Human crypts cultured on murine myofibroblasts in the presence of Wnt3a and FGF10 were processed after 18 days in vitro. (A) Phase contrast microscopy of culture. (B) Hematoxylin and Eosin stain. Note cellular polarity with epithelial nuclei at the basal region and goblet cells at the apical region. (C) E-cadherin, an epithelial cell marker. (D) CDX-2, stains intestinal epithelium. Of note, while the E-cadherin staining is relatively even, the CDX-2 staining demonstrates uneven staining suggestive of alternating crypt-villus domains. (E) Smooth Muscle Actin, marker for myofibroblasts. (F) PAS, stains for goblet cells. Note the extruded mucinous material at the apical side of the epithelium culture. (G) Lysozyme, a Paneth cell marker. (H) Synaptophysin, marker for enteroendocrine cells. For all images, scale bars are 100 µm.

Figure 5. Long-term In vitro Human Small Intestinal Enteroids Grown on Murine Myofibroblasts.

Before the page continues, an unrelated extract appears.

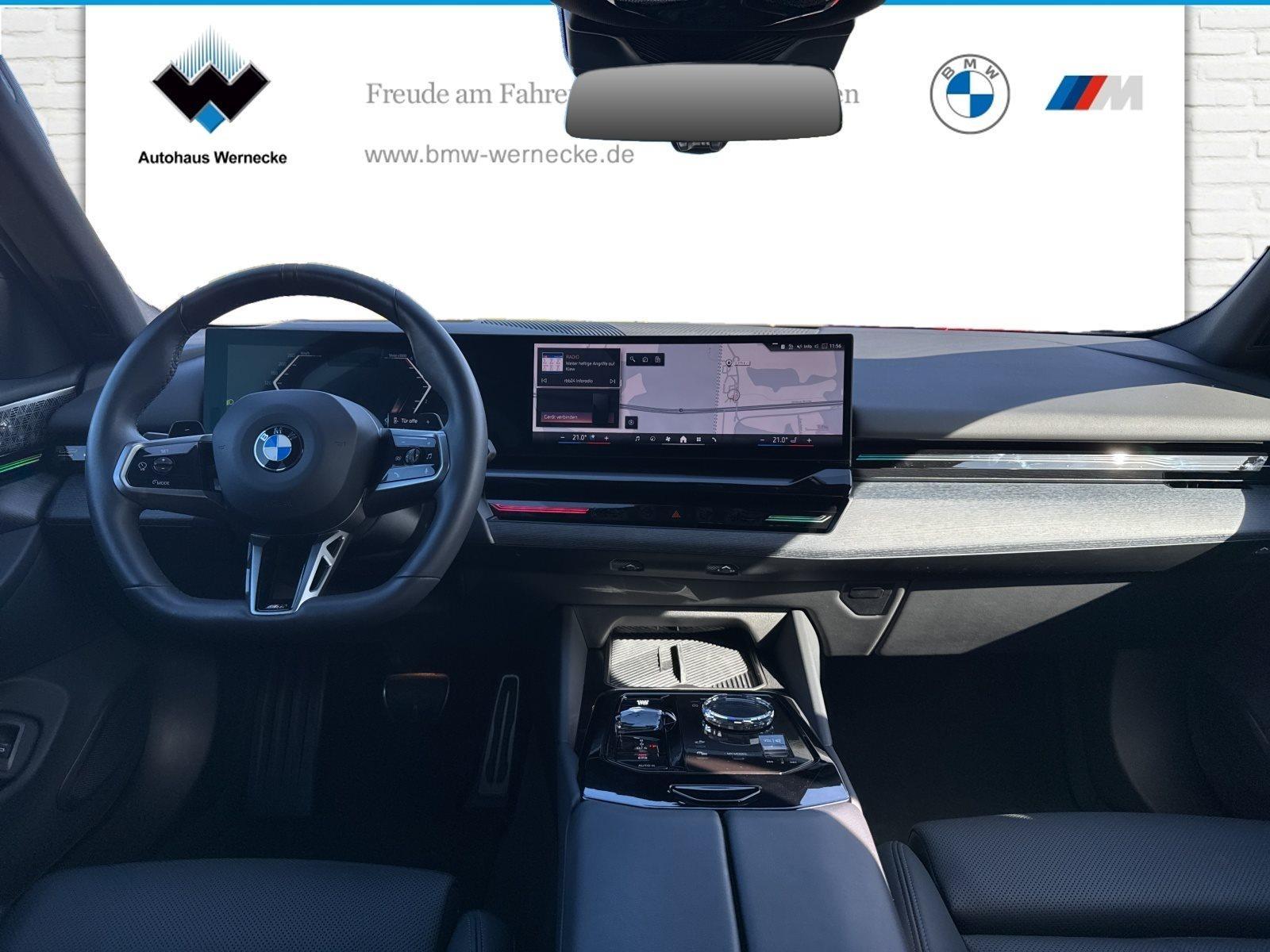 BMW 5er Touring – Bild 7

Human small intestinal crypts cultured on murine myofibroblasts in the presence of Wnt3a and FGF10 were processed after 58 days in vitro. (A) Hematoxylin and Eosin stain. (B) CDX-2, stains intestinal epithelium. (C) E-cadherin, an epithelial cell marker. (D) α Smooth Muscle Actin, marker for myofibroblasts.

Figure 6. In vivo Human Small Intestinal Enteroids Can Be Maintained with Murine ISEMFs.

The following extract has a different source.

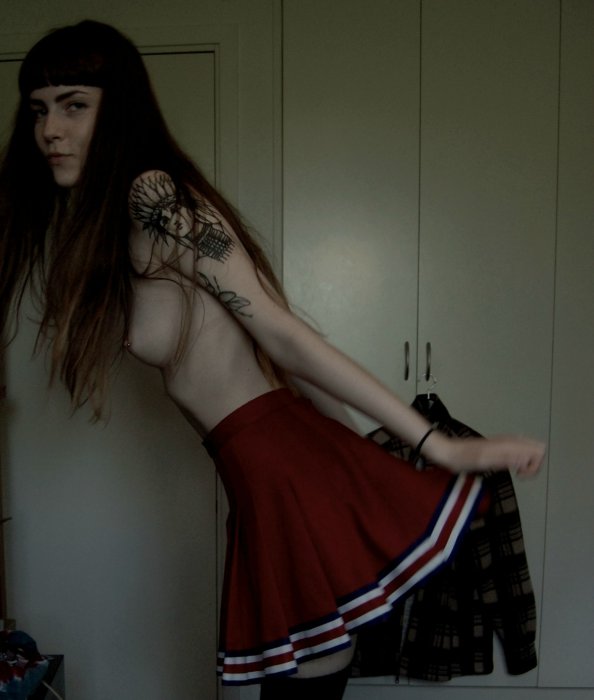 Девушки бывают разные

Human small intestinal crypts on murine myofibroblasts were grown in culture for 11 days in the presence of Wnt3a and FGF10, and then placed on a PGA felt scaffold and implanted subcutaneously into an immunocompromised NOD-SCID-IL2Rγ null mice. After 28 days, the implant was harvested and evaluated with intestinal epithelial markers. (A) H&E demonstrates at least three cell morphologies, and eosinophilic material in the cyst lumen. (B) E-cadherin and (C) CDX-2, are intestinal epithelial cell markers. Again note the variable staining intensity by the CDX-2 suggestive of crypt and villus domains (D) α Smooth Muscle Actin staining for myofibroblast adjacent to epithelial cells. (E) PAS staining for mucin and mucin producing goblet cells (F) Chromogranin A, marker for enteroendocrine cells. For all images, scale bar is 100 µm.

Figure 7. In vivo Human Small Intestinal Enteroids Can Be Maintained with Human Infant ISEMFs.

Human small intestinal crypts were grown on human myofibroblasts for 8 days, and then placed on a PGA felt scaffold and implanted subcutaneously into an immunocompromised NOD-SCID-IL2Rγ null mice. After 28 days, the implant was harvested and evaluated with intestinal epithelial markers. (A) H&E staining showing epithelial organization. (B) E-cadherin and (C) CDX-2 are intestinal epithelial cell markers. (D) α Smooth Muscle Actin staining for myofibroblast surrounding epithelial cells. (E) PAS staining for mucin and mucin producing goblet cells. (F) Lysozyme, marker for Paneth cells.